Con la promessa che rappresenta il motto biblico per il 2017 Dio stesso fa un nuovo inizio, un cuore nuovo e uno spirito nuovo. Il cuore rappresenta sempre il centro dell’esistenza umana, dell’uomo nella sua interezza. Qui si tratta di un cambiamento dell’uomo intero, delle sue relazioni. Si tratta di un rapporto profondo tra Dio e l’uomo, tra Creatore e creatura il quale richiede l’uomo intero.

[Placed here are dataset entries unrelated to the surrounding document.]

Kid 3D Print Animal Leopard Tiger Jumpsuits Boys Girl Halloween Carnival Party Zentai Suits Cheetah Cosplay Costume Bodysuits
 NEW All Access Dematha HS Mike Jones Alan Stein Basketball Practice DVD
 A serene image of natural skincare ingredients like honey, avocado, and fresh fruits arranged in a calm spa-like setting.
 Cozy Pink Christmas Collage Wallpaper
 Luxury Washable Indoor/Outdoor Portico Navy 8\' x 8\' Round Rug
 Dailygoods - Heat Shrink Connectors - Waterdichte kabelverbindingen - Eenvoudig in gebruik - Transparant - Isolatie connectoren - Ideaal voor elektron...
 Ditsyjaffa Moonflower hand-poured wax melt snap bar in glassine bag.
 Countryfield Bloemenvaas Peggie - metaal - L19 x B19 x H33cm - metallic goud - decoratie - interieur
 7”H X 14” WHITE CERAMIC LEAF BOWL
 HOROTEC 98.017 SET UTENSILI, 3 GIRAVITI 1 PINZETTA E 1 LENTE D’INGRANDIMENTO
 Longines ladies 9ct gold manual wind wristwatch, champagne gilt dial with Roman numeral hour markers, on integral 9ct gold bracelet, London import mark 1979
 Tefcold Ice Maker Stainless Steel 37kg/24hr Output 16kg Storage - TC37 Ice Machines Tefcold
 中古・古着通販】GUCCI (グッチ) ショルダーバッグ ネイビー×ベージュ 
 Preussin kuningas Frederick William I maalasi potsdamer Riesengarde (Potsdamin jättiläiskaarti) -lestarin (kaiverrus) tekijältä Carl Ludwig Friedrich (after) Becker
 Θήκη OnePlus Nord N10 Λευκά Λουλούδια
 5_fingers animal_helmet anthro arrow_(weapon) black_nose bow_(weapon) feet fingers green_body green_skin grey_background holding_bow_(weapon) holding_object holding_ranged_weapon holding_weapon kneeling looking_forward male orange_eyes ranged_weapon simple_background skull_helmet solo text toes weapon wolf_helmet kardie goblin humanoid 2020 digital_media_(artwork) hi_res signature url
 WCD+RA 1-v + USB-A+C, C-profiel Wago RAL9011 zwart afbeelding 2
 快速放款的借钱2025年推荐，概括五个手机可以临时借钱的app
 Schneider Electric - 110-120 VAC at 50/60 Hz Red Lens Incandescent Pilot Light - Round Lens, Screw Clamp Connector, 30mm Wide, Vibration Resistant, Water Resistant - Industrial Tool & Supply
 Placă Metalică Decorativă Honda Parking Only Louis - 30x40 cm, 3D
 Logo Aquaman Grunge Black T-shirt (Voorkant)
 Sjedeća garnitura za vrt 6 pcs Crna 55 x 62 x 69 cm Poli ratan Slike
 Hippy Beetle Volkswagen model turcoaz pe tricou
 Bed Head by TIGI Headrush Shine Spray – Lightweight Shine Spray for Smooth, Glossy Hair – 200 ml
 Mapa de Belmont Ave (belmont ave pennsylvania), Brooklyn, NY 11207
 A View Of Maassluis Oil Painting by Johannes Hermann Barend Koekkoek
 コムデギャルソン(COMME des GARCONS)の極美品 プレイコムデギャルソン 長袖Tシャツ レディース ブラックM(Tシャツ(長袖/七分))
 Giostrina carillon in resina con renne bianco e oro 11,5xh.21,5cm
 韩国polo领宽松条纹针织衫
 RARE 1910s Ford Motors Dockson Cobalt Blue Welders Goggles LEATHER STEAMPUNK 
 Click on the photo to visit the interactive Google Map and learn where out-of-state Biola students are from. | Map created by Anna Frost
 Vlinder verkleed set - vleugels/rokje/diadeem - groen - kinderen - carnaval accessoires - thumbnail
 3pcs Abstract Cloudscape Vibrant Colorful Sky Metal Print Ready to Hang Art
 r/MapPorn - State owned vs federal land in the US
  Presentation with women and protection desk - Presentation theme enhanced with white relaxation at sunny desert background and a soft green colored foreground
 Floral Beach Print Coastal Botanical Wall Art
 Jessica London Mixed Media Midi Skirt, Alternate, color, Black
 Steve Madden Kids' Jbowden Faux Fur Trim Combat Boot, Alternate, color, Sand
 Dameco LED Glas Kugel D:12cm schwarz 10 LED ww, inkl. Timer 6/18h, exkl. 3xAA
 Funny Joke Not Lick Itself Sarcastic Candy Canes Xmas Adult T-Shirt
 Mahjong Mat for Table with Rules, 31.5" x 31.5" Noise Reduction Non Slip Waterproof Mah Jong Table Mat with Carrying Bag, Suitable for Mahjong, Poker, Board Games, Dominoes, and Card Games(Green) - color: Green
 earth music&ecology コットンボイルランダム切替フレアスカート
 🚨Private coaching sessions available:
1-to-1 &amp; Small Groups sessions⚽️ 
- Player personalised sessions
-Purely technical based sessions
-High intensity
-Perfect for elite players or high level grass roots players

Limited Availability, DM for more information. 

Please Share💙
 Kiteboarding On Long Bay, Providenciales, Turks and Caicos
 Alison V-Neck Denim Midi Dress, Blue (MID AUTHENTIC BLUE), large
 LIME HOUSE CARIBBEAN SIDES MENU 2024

E’ una vita che si costituisce in Colui che ha di fronte e si orienta a Lui. Possiamo dire: una nuova creazione. Anche se l’uomo perde continuamente Dio dal suo cuore e dalla sua mente, Dio resta fedele e ci dona sempre quello che è indispensabile per un rapporto vivo: Un cuore nuovo e uno spirito nuovo. In quest’anno mi accompagnerà una domanda: sono disposta ad avventurarmi in
questo, di affidarmi pienamente al buon Pastore? Mi farò donare un cuore nuovo e il Suo Spirito vivente con la promessa e allo stesso tempo con il rischio che niente rimane come è adesso?
Auguro a tutti voi di farvi accompagnare da questa domanda nell’anno nuovo e dalla promessa contenuta in essa se vogliamo e possiamo accoglierla. Per un davvero nuovo protetto e benedetto anno perché viviamo nella promessa di Dio.